Choosing your attire to play tennis might seem straightforward but there are some things you must take into consideration when buying your playing gear.
Good tennis clubs such as Tennis World Rushcutters Bay will offer you sensible advice and have a great range of products to help you select. However, it should be noted that fashion is not always the best way forward.
Tennis in Australia was once seen as the sport for the elite, it had rigid dress codes and many restrictions which was part of the attraction for the upper crust. Now tennis attire has become both functional and expressing the individuality of the player. The only major venue that does not subscribe to these new ethics is The All England Club namely Wimbledon.
Both men’s and women’s clothing should be lightweight and made of breathable materials, either cotton or newer synthetic fabrics.
Prices to tend to increase for the really slick sweat-absorbent technologies that are available such as Adidas Climacool or Nike Dri-Fit, if you play regularly it may prove to be a sound investment.
Tennis Ball Storage
Even the amateur players play with more than one ball so play is continuous. Usually the server will carry two balls in case of a fault on the first serve, this means the second ball has to have some sort of storage. In men it is usually the case of a pocket in their shorts and women should look for skirts which include built in tights which can hold a tennis ball.
Probably the most important item of attire for any tennis player at any level is their tennis shoes.
Because trainers are not designed specifically for tennis, they might not have the appropriate sole patterns that help preserve the courts or give the correct support for the rigours of the sport.
For example, when playing on clay courts, herringbone patterned soles will often be required as this does not damage the court like say a ripple soled shoe would. Some tennis clubs with hard courts demand the use of white or non-marking soles.
Select tennis shoes with good cushioning and ventilation especially if playing on a hard court as the unforgiving surface gives greater stress to the joints. Hard courts are also renown for reflecting heat so your shoes need proper ventilation to prevent blisters and foot disorders.
On clay however, lightness and traction become the order of the day given the tricky underfoot conditions clay throws up.

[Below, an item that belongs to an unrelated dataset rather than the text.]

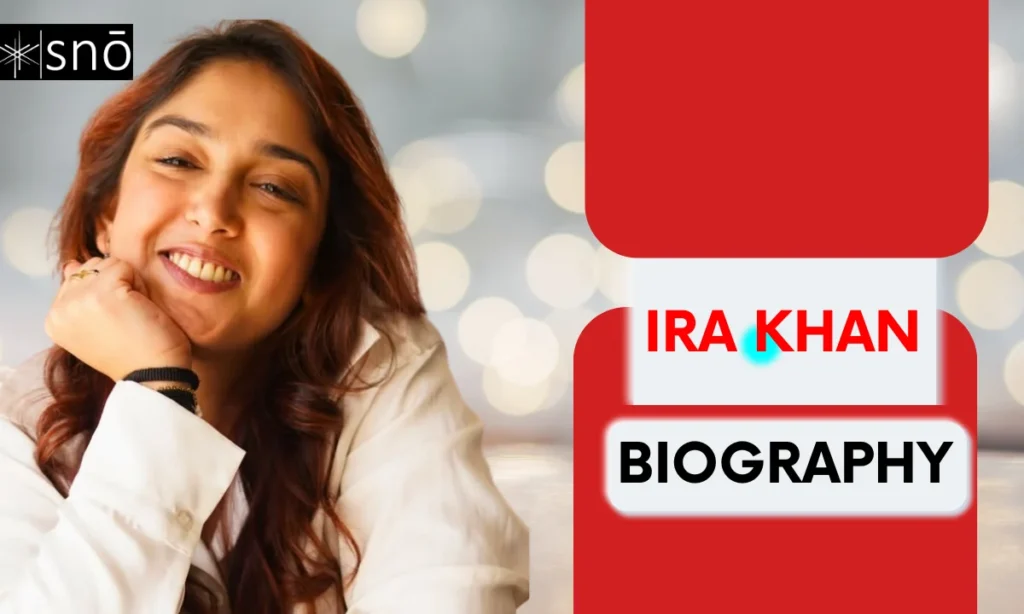 Ira Khan Age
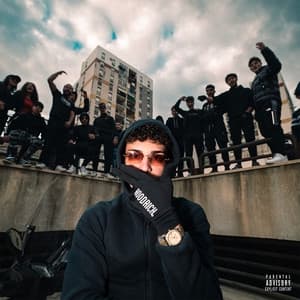 Album cover art for BLA BLA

It is a matter of personal preference as not all people like wearing hats and sunglasses and feel they interfere with their game. There a specialist protection articles now on sale designed for playing tennis. For instance sport-specific sunglasses that are designed to fit securely during play and light sun visors that enable more ventilation.
Obviously the relevant sun protection cream is also a given.
Sweatbands and headbands made out of towelling are an excellent way to keep drier when you sweat. There is nothing worse than a loose grip on your racket or sweat running into your eyes when playing a shot.
When choosing your attire think practicality before fashion, you may look the best dressed in the clubhouse but if you become a bucket of sweat slipping and sliding all around the court then your image may take a battering.